* **Exercise input**
++++

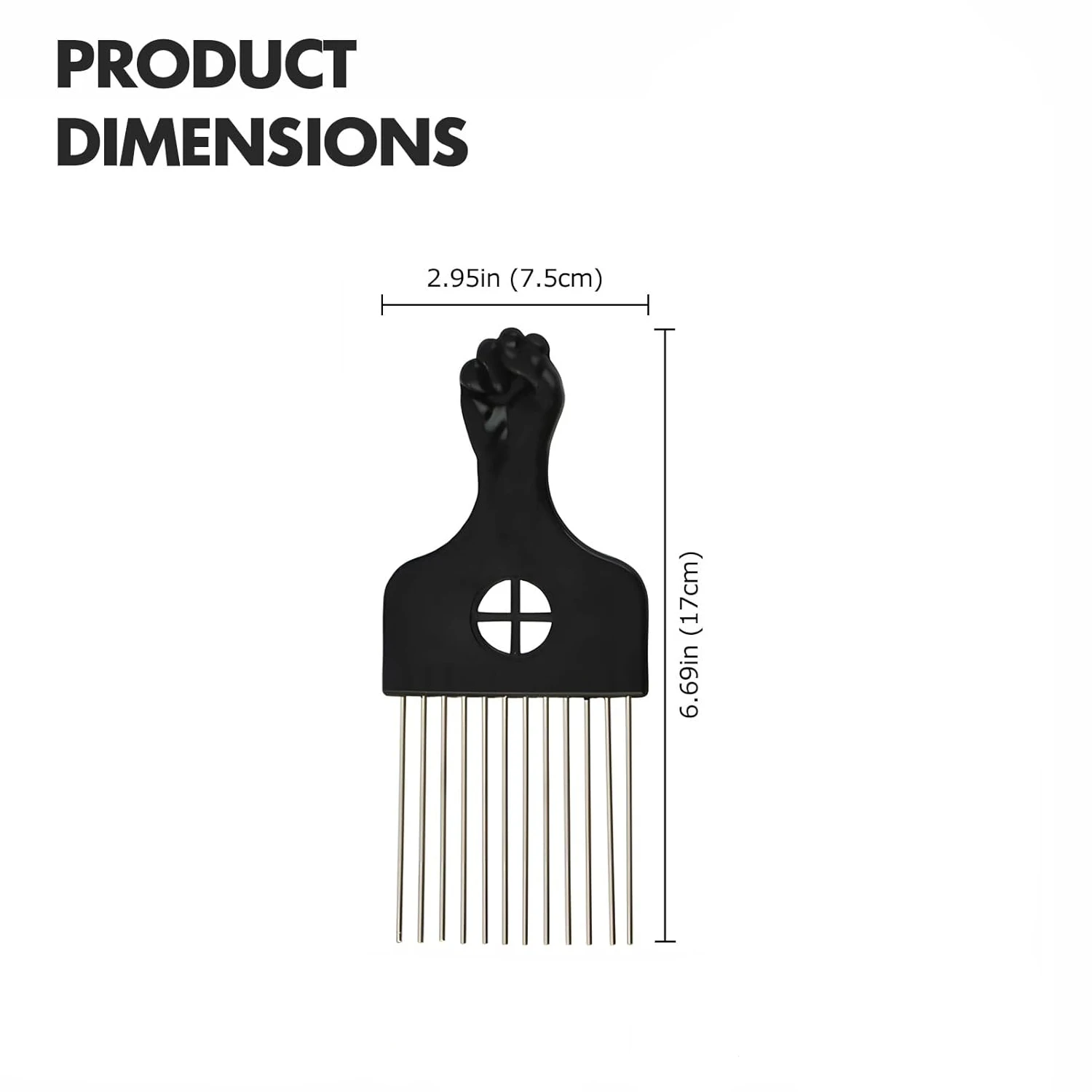 Black Metal African American Pick Comb Hair Combs Hair Comb for Hairdressing Styling Tool Salon Barber Shop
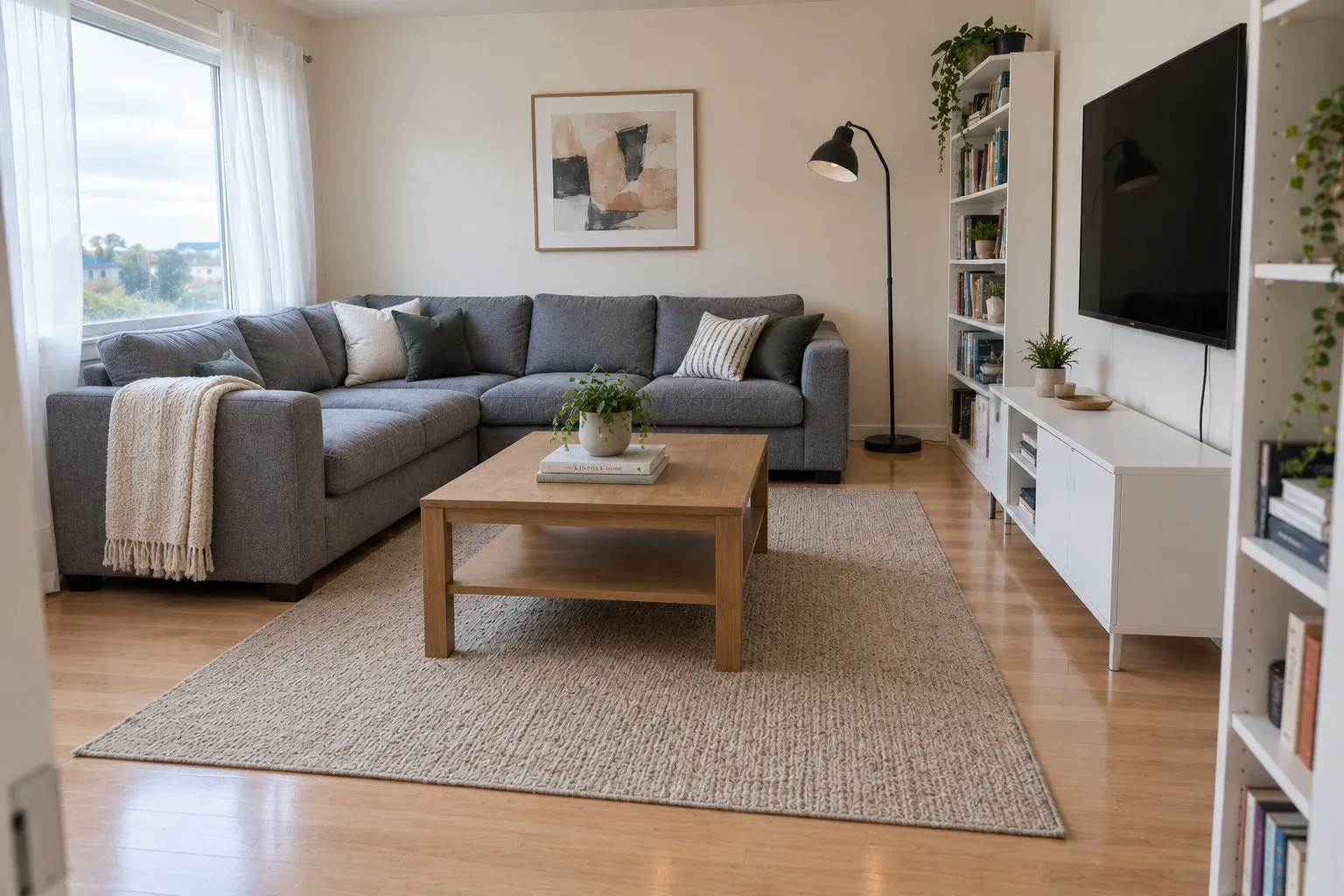 The same living room after a professional deep clean in Las Vegas: tidy sofa, clear coffee table, vacuumed rug and polished hardwood floor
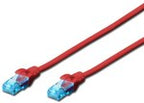 Patchcord RJ45/RJ45 U/UTP kat.5e czerwony 1m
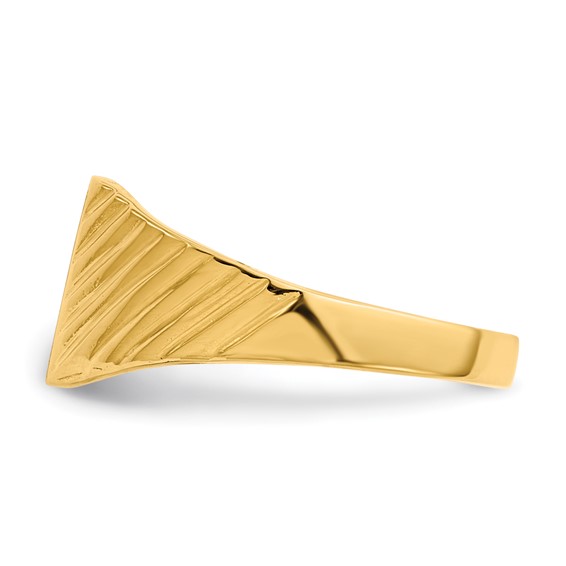 14k 8.0x6.5mm Open Back Size 4 Childs Rectangular Signet Ring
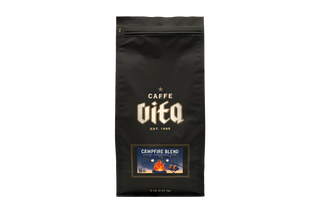 Black coffee bag labeled 'Caffe Vita' with 'Campfire Blend'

++++

* **Task goal**
Using the listing above, copy every line from the line containing "14k 8.0x6.5mm Open" through the last one, both included, and no other lines. Pictures stay out.

* **Worked solution**
 14k 8.0x6.5mm Open Back Size 4 Childs Rectangular Signet Ring
 Black coffee bag labeled 'Caffe Vita' with 'Campfire Blend'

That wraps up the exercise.